Special to the Reporter
On the recent National Bike to Work Day, hundreds of Microsoft employees participated in the annual local event, which featured a free catered breakfast, bike repair stations and a plethora of cycling giveaways, such as patch kits, drawings for gift cards, bike lights and more.
“It’s our way of thanking employees who bike to work as well as an open invitation to others to give it a try,” said Brian Crockford, senior services manager, Microsoft Real Estate. “Most start by commuting once or twice a week, and gradually increase from there.”
The event has become so popular in recent years, it is hosted at two locations at the same time: One at the West Campus on the Commons, and the other at East Campus on Sports Field #3, just north of Building 8.
According to internal surveys, about four percent of employees on Microsoft’s main campus bike to work on a regular basis. In the fall and winter, the number drops to hundreds of riders each day. However, during spring and summer, those numbers can soar into the thousands. Overall, approximately 1,800 Puget Sound-based Microsoft employees commute by bike every day — rain or shine.
Meet Shaun Ivory, a lead software developer. With the exception of six weeks when he was recovering from a broken collarbone, Ivory has only driven to work four times since Aug. 2, 2014. You might think Ivory is a semi-professional athlete, but you’d be wrong.
Ivory took his first 9.4-mile bike ride to Microsoft from his home in Cottage Lake three years ago. He chose to try it on a Saturday, just in case he couldn’t make the whole distance and needed his wife to pick him up. After climbing to the top of the 520 Highway hill, he thought he couldn’t make it. He called his wife and said, “I need you to come get me. I might not make it.” He had reason to be concerned; years of long hours and sedentary work had him tipping the scales at 265 pounds, and he didn’t think he had the capacity to make the ride.
Ivory survived that day — and the next — and continued to bike to work nearly every day since. He has dropped 85 pounds. Today, he weighs 180 pounds and attributes a great deal of his weight loss to the 10- to 14-mile daily ride to and from work.
“Cycling changed my life,” said Ivory. He tells people, “There’s no such thing as a bad day on a bicycle. I’d rather sit on a bike on a cold, rainy day than sit in a car in stop-and-go traffic.” For him, biking to work is a fairly efficient commute of 30 to 45 minutes. Yet, that same commute by car would take him 30 minutes — minus the workout.
While some Microsoft employees bike to work by choice, others do it more by necessity. Take Lisa Guthrie. She’s a principal software engineering lead and a mother of four kids who lives near campus. The Guthries have two cars. Her husband uses one car to drive to work, while their au pair uses their second car to drive the kids during the day. When Guthrie was promoted to an office-based role from a previous work-from-home position, she faced a choice: Buy a third car to drive to work, or start commuting by bike. Biking won.

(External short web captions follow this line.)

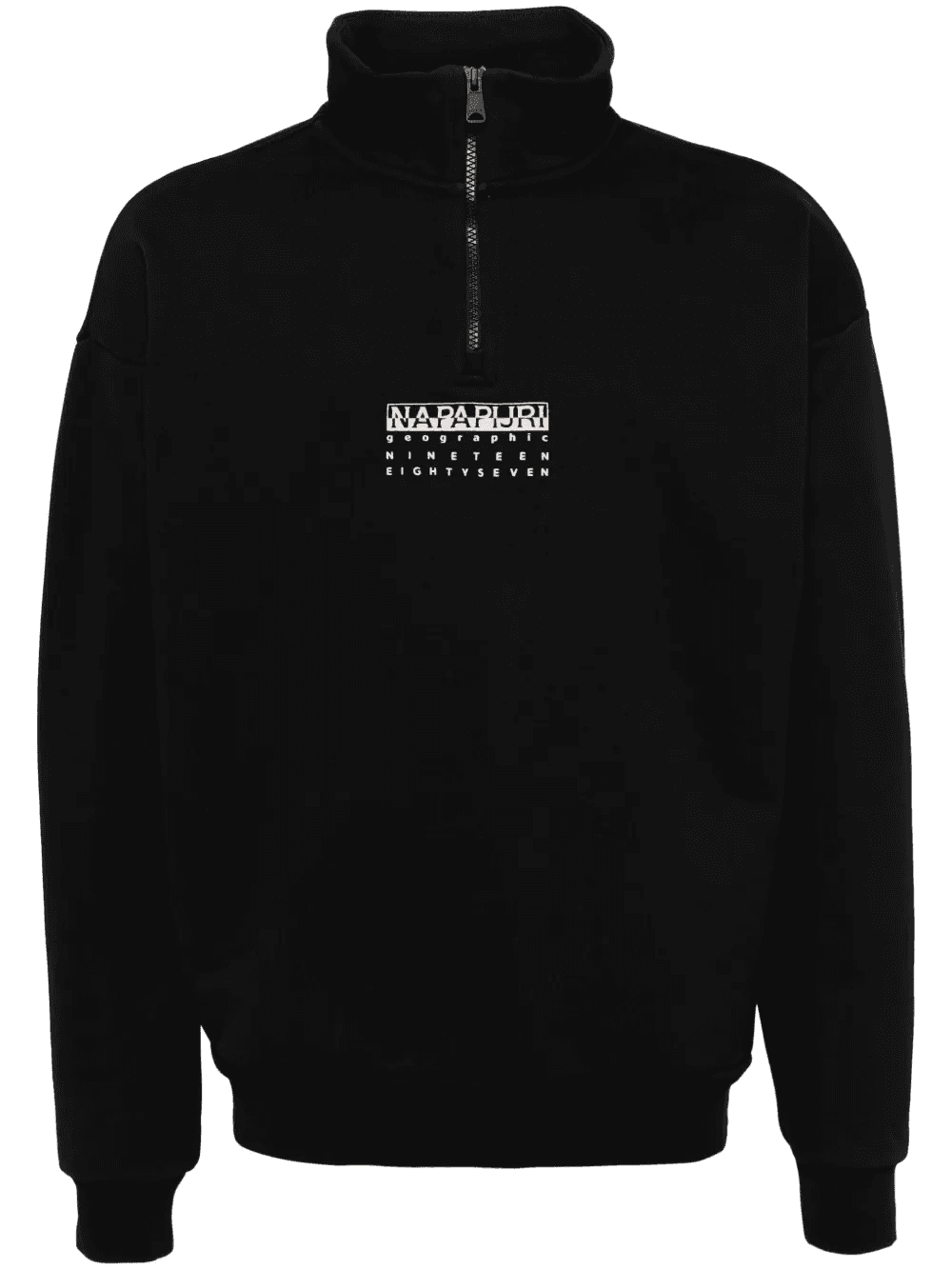 premium half-zip sweatshirt - Image 1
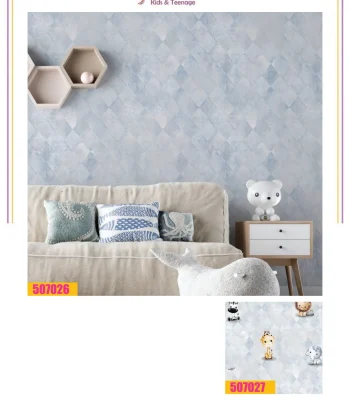 کاغذ دیواری کودک هندسی زرافه فانتزیا دکوراسیون قلعه کاغذ دیواری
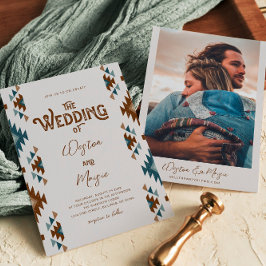 Invitación a la boda del suroeste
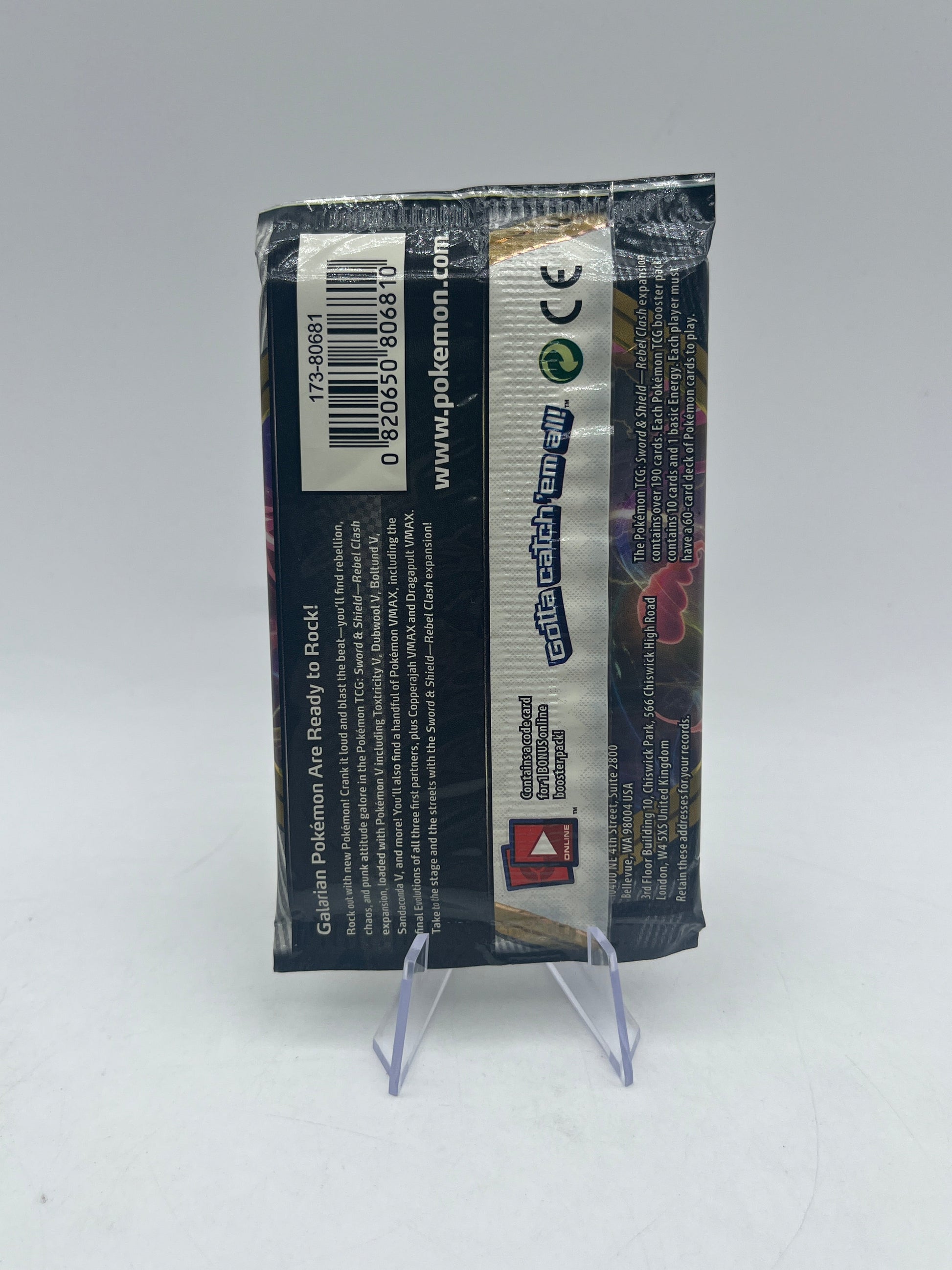 Pokémon TCG: Sword & Shield Rebel Clash Art Set 4x Boosters Factory Sealed FRENLY BRICKS - Open 7 Days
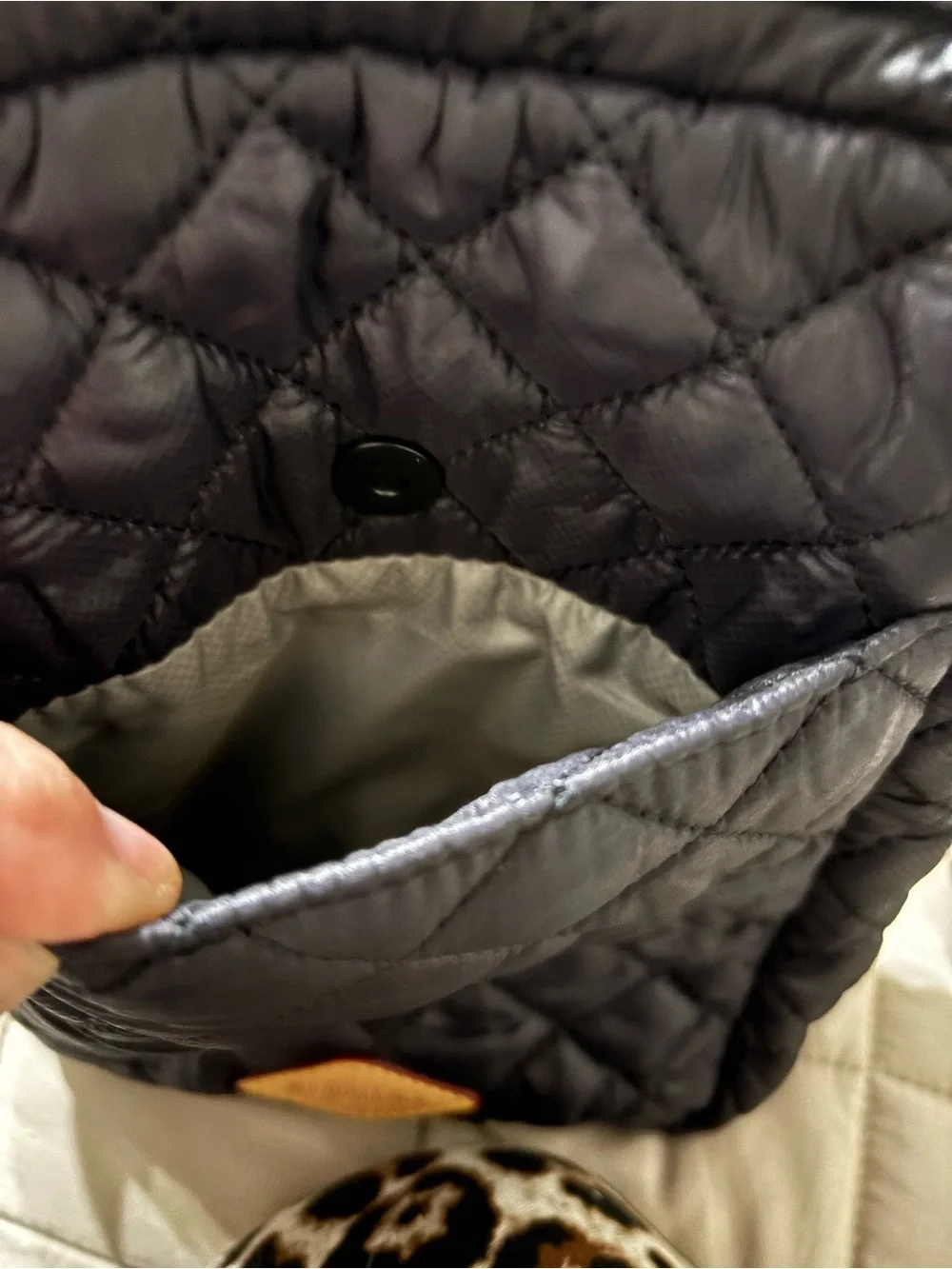 Quilted Black Crossbody Bag - MZ Wallace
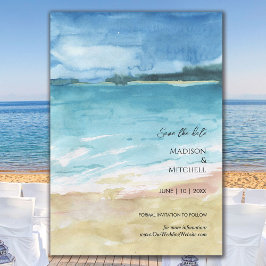 Reserve A Data Casamento no Destino de Praia Oceânica com Aquarel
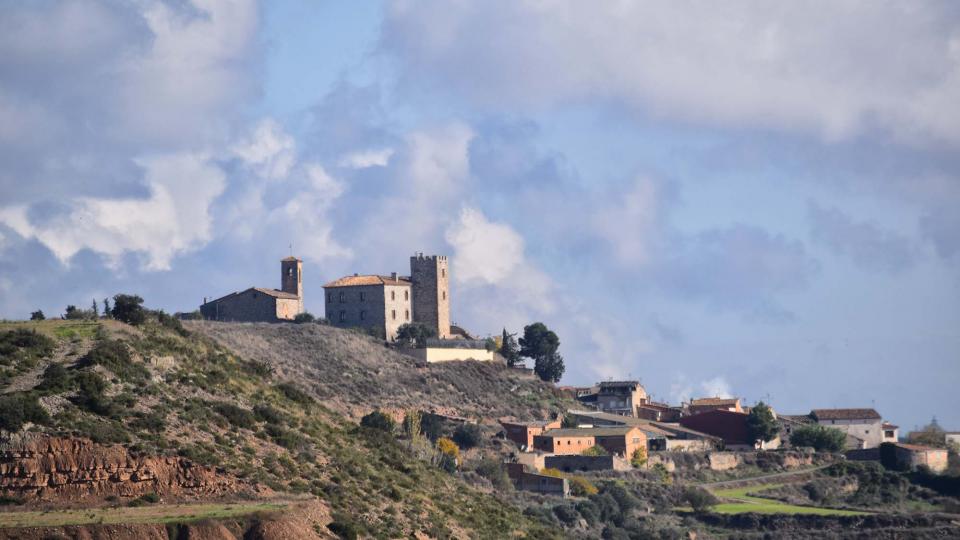 16.11.2018 vista del poble  La Curullada -  Ramon Sunyer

Each morning, her commute starts by riding with her two oldest kids to school, on either a tandem bike or a cargo bike. After dropping the kids off at school, she tows their bikes behind her as she rides on to Microsoft.
“It’s just such a seamless part of our lives,” said Guthrie. “It’s how we get around now, and I love it. Even when we have an extra car to use, I still end up biking. Why not? It’s easy, it’s fun, and you get out in the sunshine. It makes me feel like a kid again — on my way to work. I don’t get that in a car.”
According to Guthrie, riding is also more efficient than driving for her. The road routes near her home, school, and job aren’t nearly as direct as the bike paths. “Biking is faster for me. I can zip over to school or home in no time.”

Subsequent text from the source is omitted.